Of course, I started the race lined up next to dead last. I go to the start line with what I thought would be plenty of time to get a good spot up front, but 15 minutes early wasn’t even close to enough. I chatted with Evan Elkan and Chris Hong as we waited for the gun to go off.

I moved up a bit in the first 15 minutes, but not much. The first 20 minutes of the race was very fast and very painful. The course had two long straight away sections and four corners. Corner number 3 and 4 required slowing down to about 5 miles an hour and sprinting out of corner number 4 into a strong head wind. The pack began dwindling after half an hour and a breakaway that had gone early in the race was almost about to lap us. But they must have lost steam because their gap started getting smaller and smaller and they were caught with 2 laps to go. But before that, I got dropped. I made it until 15 minutes to go and an official held out his hand for me to stop, or at least I thought he did. Turns out he says he wasn’t pulling me, but just telling me to keep going. I was in oxygen deprivation so it didn’t quite dawn on me that I should have kept on going for another couple laps since I had just fallen off the back of the pack. But I didn’t know that there wasn’t a breakaway group about to catch me or what was going on, so I exited off the course after I thought I had been pulled.

I cooled down on some back streets while the race went on for another couple 15 minutes, then began questioning why I had been pulled so early, thinking that maybe I hadn’t been pulled. Whatever, I figured I’d go back when the race finished and make sure they knew I wasn’t still in the pack.

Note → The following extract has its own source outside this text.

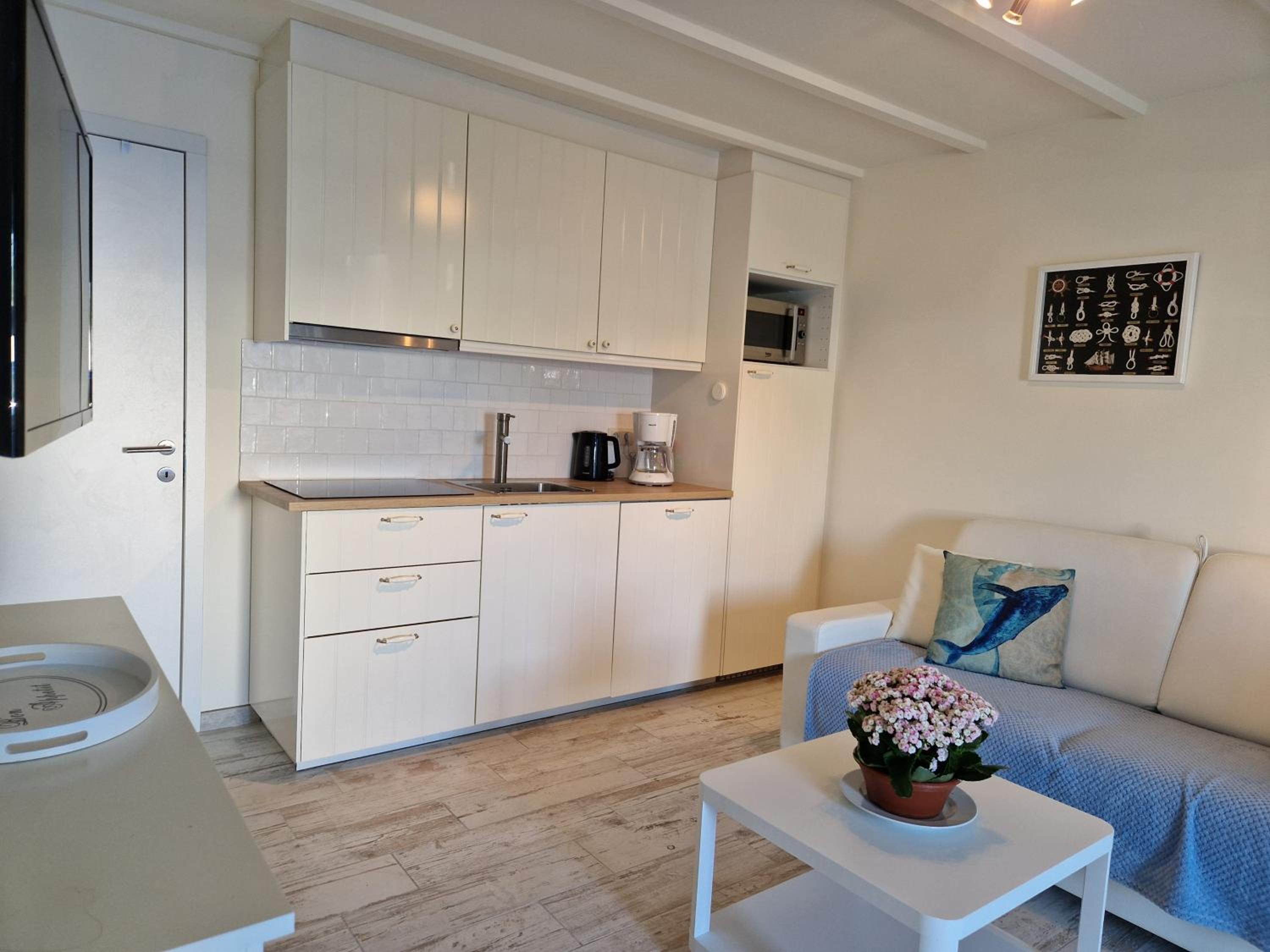 Melroce Holiday Cottage 5503 view 5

When I told the officials what had happened, they said that I had not been pulled and that I had pulled myself, which meant that I couldn’t start the race on Sunday. I was shocked and very mad. The cut off point of the race was only 30 minutes. You only had to accomplish 30 minutes and you’d make the cut off time. I had done 75 minutes, plenty of time to spare and yet the official still said I was out of the race. I argued with him, explaining that I thought he had pulled me, him disagreeing. I won’t get into the details, but after about 10 minutes of debating, he agreed to let me race the next day. I was very happy. Although my placing was all messed up. I finished at about 90th or so but the result they gave me was 133rd or something. No point in arguing about it, I was content just being allowed to race.

Cascade stage 4

Today came very close to being the last stage for me. I hung on by a mere two minutes, finishing dead last but making the time cut. It was the hardest race I have done this year, not because of the pace, but because of how bad my legs were today.

My lack of recovery caught up to me. I’ve been riding to and from some of the races, sometimes hanging around in the parking lot at the finish for hours, waiting for a ride back into Bend. Yesterday after the time trial, I rode around trying to find the MBSF building downtown where they store all the discarded water bottles (because I ran out of bottles) then rode to a couple bike shops to get more goo, electrolyte pills, and cliff bars. Then I rode across town back to the house I’m staying at. Way too much time not spent lying down on the couch.

I was on the brink of making it over the first climb today, but came up short by just a bit, which made for a much longer day than I had planned for. I suspect that last little bit of power that I was lacking on the climb was due to all the extra time spent on my feet in the heat. Next year I hope to have some team support so this doesn’t happen again. And next year I also plan on finishing first instead of last.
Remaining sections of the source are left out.